Und die Menschen kamen. Die Aufnahmen zeigen einen Club, der aus allen Nähten zu platzen scheint. Während ihres Auftritts sei die junge Frau von Leibwächtern umringt gewesen, berichtete der unabhängige TV-Sender Dozhd unter Berufung auf Anwesende. Ein Mitglied der Gruppe Pussy Riot erzählte zudem, dass der Club von Einsatzkräften einer Spezialeinheit des russischen Innenministeriums umzingelt und bewacht wurde, deren Hauptaufgabe die Bekämpfung des Extremismus ist.

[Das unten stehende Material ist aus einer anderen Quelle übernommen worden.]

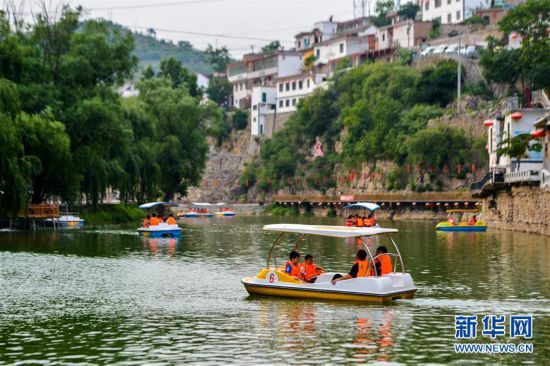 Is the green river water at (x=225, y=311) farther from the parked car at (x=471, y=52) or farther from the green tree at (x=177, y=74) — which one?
the green tree at (x=177, y=74)

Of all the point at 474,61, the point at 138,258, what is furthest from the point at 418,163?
the point at 138,258

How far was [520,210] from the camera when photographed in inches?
2724

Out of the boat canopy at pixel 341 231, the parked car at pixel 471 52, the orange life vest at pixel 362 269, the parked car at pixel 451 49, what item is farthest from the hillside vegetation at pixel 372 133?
the orange life vest at pixel 362 269

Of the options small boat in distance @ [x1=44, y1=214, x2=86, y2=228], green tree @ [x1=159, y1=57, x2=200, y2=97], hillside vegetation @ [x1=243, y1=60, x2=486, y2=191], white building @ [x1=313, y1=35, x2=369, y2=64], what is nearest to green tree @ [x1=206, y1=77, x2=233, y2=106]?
white building @ [x1=313, y1=35, x2=369, y2=64]

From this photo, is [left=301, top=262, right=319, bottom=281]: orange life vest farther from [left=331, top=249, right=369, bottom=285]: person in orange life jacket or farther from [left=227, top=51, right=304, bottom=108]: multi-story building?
[left=227, top=51, right=304, bottom=108]: multi-story building

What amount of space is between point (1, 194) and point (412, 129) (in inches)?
2615

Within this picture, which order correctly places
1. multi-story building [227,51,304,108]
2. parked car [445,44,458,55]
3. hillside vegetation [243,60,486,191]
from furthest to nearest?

Der rätselhafte Aufstieg von Swetlana Kriwonogikh
Elizaweta Wladimirowna Kriwonogikh lautet der bürgerliche Name der 18-Jährigen, die da so behütet Tracks von Rihanna und Beyoncé auflegte. Im vergangenen November ist er zum ersten Mal an die Öffentlichkeit gelangt. Damals publizierte das unabhängige investigative Journalisten-Netzwerk "Projekt" eine umfangreiche Recherche über eine Frau namens Swetlana Kriwonogikh, die Mutter von Elizaweta. Ihren sagenhaften Aufstieg von einer Putzkraft in Sankt Petersburg zu Besitzerin von Luxusimmobilien, Ressortanlagen, Online-Marktplätzen und Gesellschafterin der Bank "Rossija" soll Swetlana Kriwonogikh einem einzigen Umstand zu verdanken haben: einer Liaison mit dem russischen Präsidenten. Elizaweta soll die Frucht dieser unehelichen Verbindung sein, die geheime dritte Tochter, die Putin allem Anschein nach fast 18 Jahre lang vor der Welt verbergen konnte.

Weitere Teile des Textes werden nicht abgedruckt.